She sent me a snail mail letter the other day and I answered it two days ago. There’s something about writing an actual letter with a pen on paper that you don’t get by typing onto a screen. You’re closer to the bone, you have to think a little slower and deeper because you can’t hit the backspace button. My letter was a MESS, all illegible handwriting and crossed out words and meandering lines and addenda in the margins, but it was immensely satisfying to write. I actually got down under my mask and pricked my stony heart so that it bled a little. It was very good for me to write that letter. I spent the remainder of the day in a misty emotional cloud, which didn’t feel great, but on the other hand, the mist has always held strange and wonderful and magical creatures in it, their forms barely visible as they pass. I like that. I feel comfortable in the familiar world of mist and shadow, with a broken-open heart.

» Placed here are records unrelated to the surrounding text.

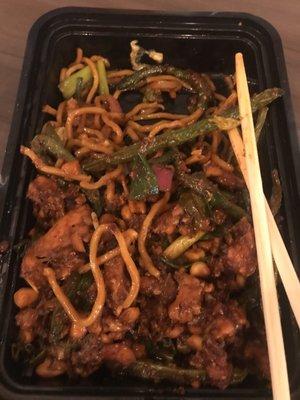 Kung pao chicken with lo mein - meh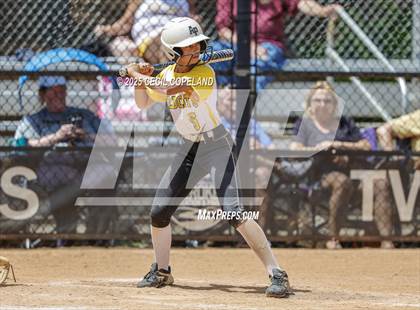 Thumbnail 3 in Richmond Hill vs Sequoyah (GHSA State Championship Semi-Final) photogallery.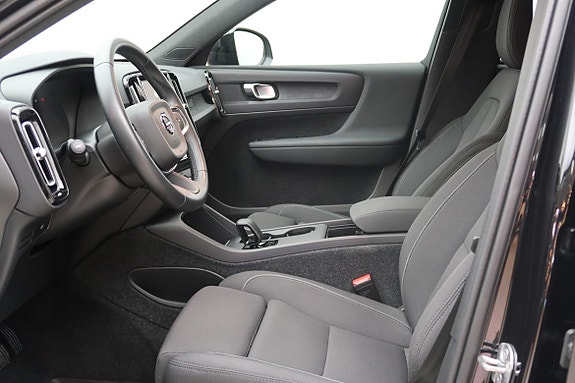 Volvo EX40 4 of 12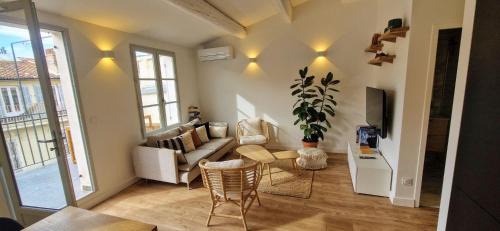 Prefecture Apartment | Terrasse - Hyper centre - 2 chambres - Parking gratuit - Calme & lumineux - Arrivée autonome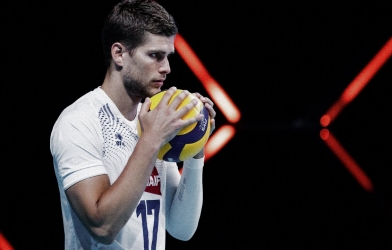 Trai đẹp Clevenot tỏa sáng, tuyển nam Pháp đè bẹp ĐKVĐ châu Âu tại VNL 2022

Now it’s a matter of letting other people in to see it again. Not easy, but imperative. Something is burbling inside of me… I’m like a cauldron, or more, a crockpot. Ha. Martin Prechtel writes about how we’re not adults until we’re fully ‘cooked’… and that’s how I’ve been seeing what’s happening to me. I’m being cooked. When I’m done, at least with this stage, I’ll be ready to serve, whatever that looks like. I feel it happening, though it’s still a long way off. In Guatemalan Mayan culture, a person doesn’t become an adult until they are of grandparent age! The older I get, the more sense this makes to me.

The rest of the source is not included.